Tapu ve Kadastro Genel Müdürlüğü, İl Özel İdaresine karşı 1985'te tapu iptali ve tescil davası açtı. Taşınmazın mülkiyetinin vakfa ait olduğu, 1957 tarihli ve 7044 sayılı Aslında Vakıf Olan Tarihi ve Mimari Kıymeti Haiz Eski Eserlerin Vakıflar Umum Müdürlüğüne Devrine Dair Kanun uyarınca taşınmazın Genel Müdürlüğe devrinin gerektiği savunuldu. Davanın kabulüne karar verilerek bu kez taşınmaz, Tapu ve Kadastro Genel Müdürlüğüne devredildi.

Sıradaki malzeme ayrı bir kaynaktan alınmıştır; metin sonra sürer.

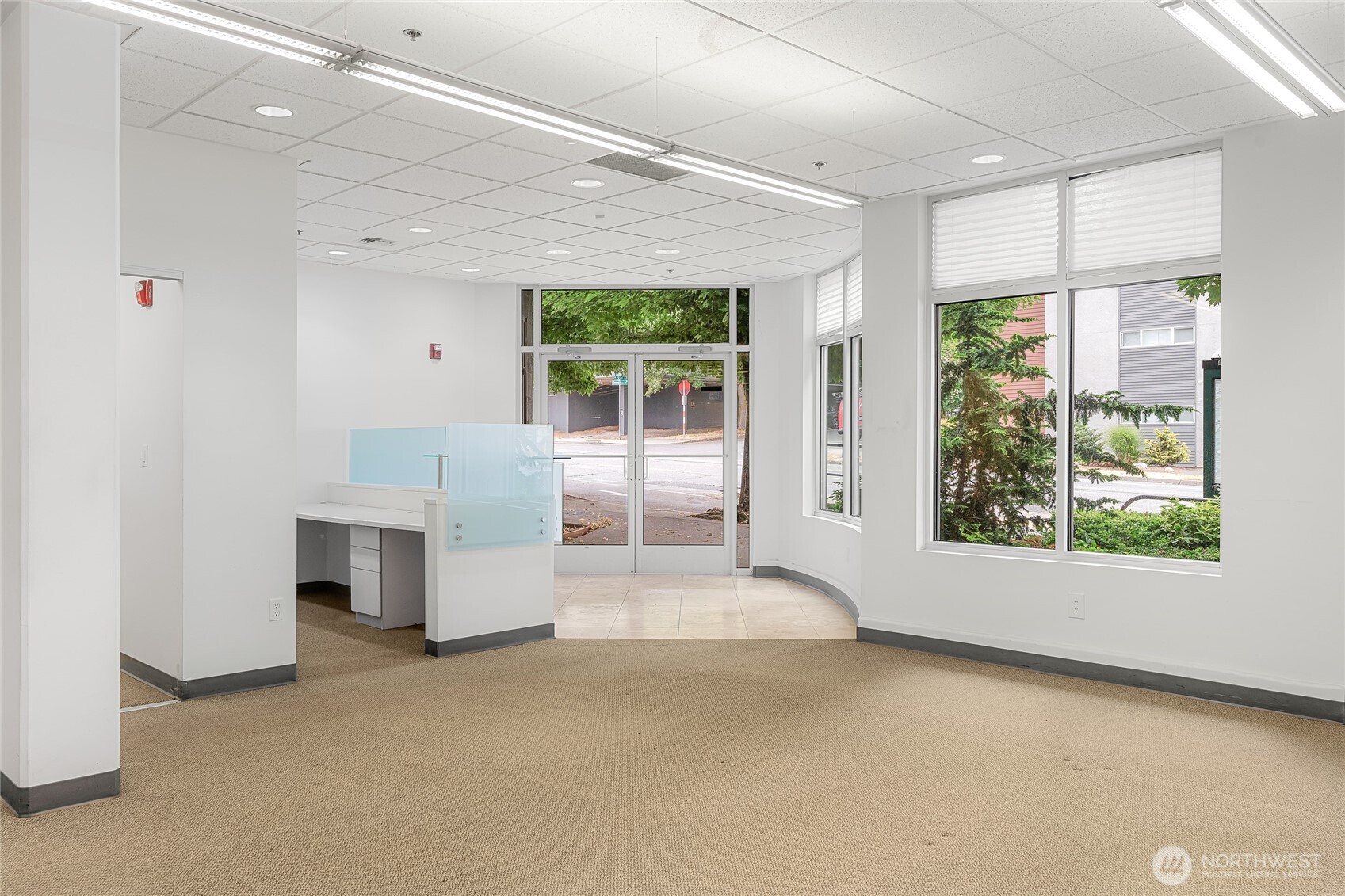 9057 Greenwood Avenue N Seattle WA 98103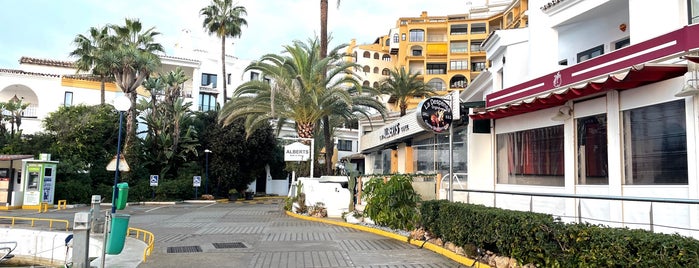 Alberts Bar and Grill is one of Malaga - Marbella - Estepona.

Bu sürecin ardından vakfı temsilen Türkiye Ermenileri Patrikliği, 2011'de İstanbul 13. Asliye Hukuk Mahkemesi'nde tapu iptali ve tescil davası açtı. Yargılama sonucu mahkeme, Türkiye Ermeni Patriğinin davada vakfı temsil yetkisinin olmadığı gerekçesiyle ret kararı verdi.
Kararın kesinleşmesinin ardından Sanasaryan Vakfı, hak ihlali iddiasıyla Anayasa Mahkemesine bireysel başvuruda bulundu.

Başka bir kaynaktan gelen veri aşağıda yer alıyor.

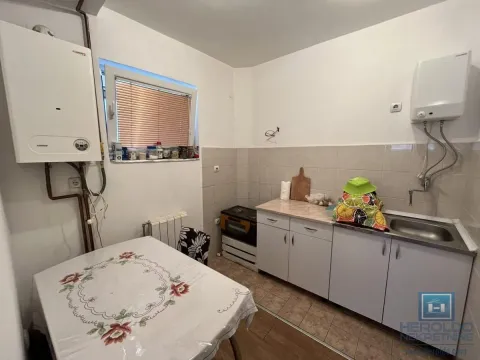 Prodaja, dvosoban stan, 55m², Centar, Jagodina - image 9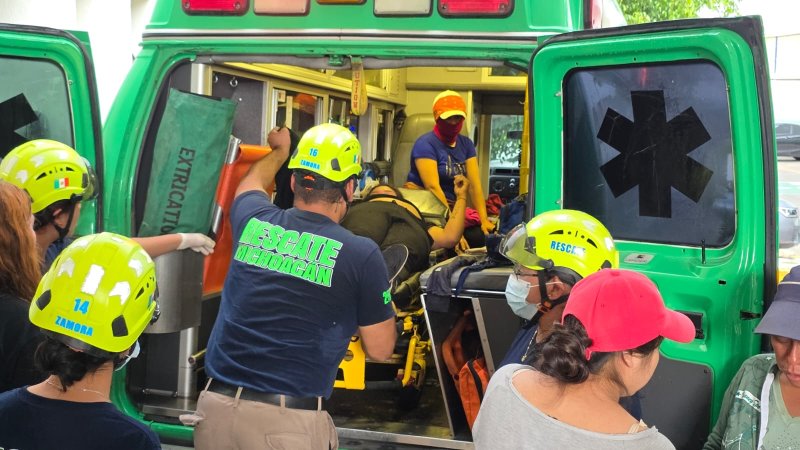 8 trabajadoras del campo h3ridas al caerles un rayo, cuando se refugiaban de la lluvia debajo de un árbol 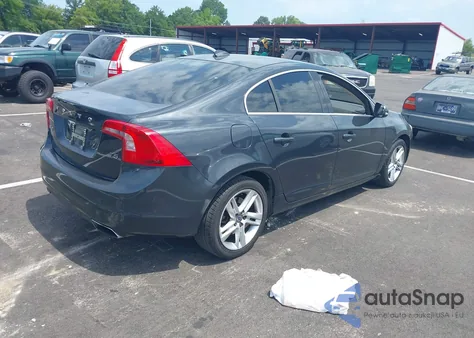 2015 Volvo S60 T5 Premier z USA, uszkodzony, nr VIN YV140MFK4F1355820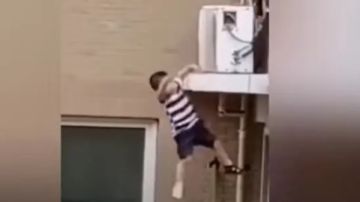 سكرانة.. أجنبية تلقي ابن شقيقتها من الطابق الخامس والأهالي ينقذون شقيقته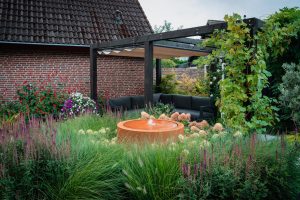 Sfeervolle-groene-tuin-Bosman-Tuinadvies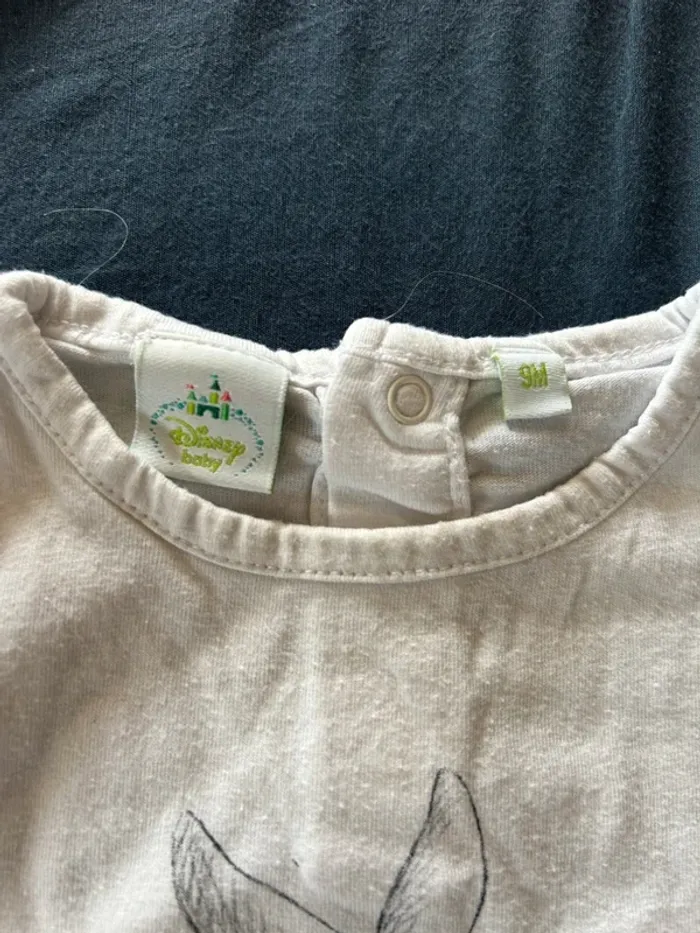 Ensemble Disney taille 9 mois en très bon état - photo numéro 4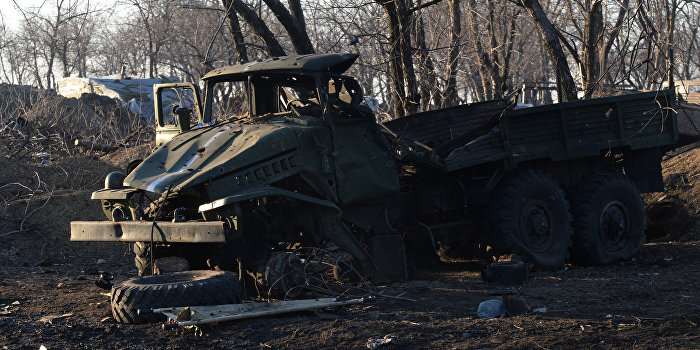 В результате двух взрывов в зоне «АТО» погибло шесть украинских военнослужащих В результате двух взрывов в зоне «АТО» погибло шесть украинских военнослужащих
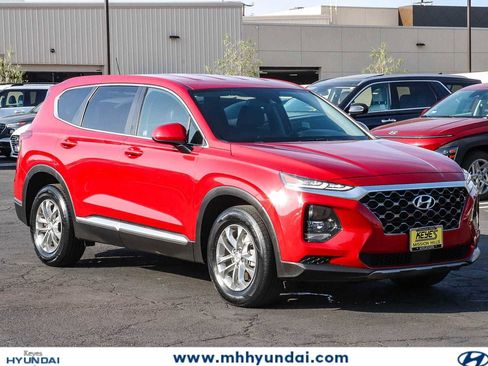 Used 2019 Hyundai Santa Fe SE AWD/4WD image 5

Başvuruyu inceleyen Yüksek Mahkeme, Anayasa'nın 35'inci maddesinde güvence altına alınan mülkiyet hakkının ihlal edildiğini ve ihlalin sonuçlarının ortadan kaldırılması için yeniden yargılama yapılmak üzere dosyanın İstanbul 13. Asliye Hukuk Mahkemesi'ne gönderilmesini kararlaştırdı.
Kararın gerekçesinden
Anayasa Mahkemesinin kararında, Anayasa'nın 35'inci maddesinde herkesin mülkiyet ve miras haklarına sahip olduğu, bu hakların ancak kamu yararı amacıyla kanunla sınırlanabileceği ve mülkiyet hakkının kullanılmasının toplum yararına aykırı olamayacağının hüküm altına alındığı vurgulandı.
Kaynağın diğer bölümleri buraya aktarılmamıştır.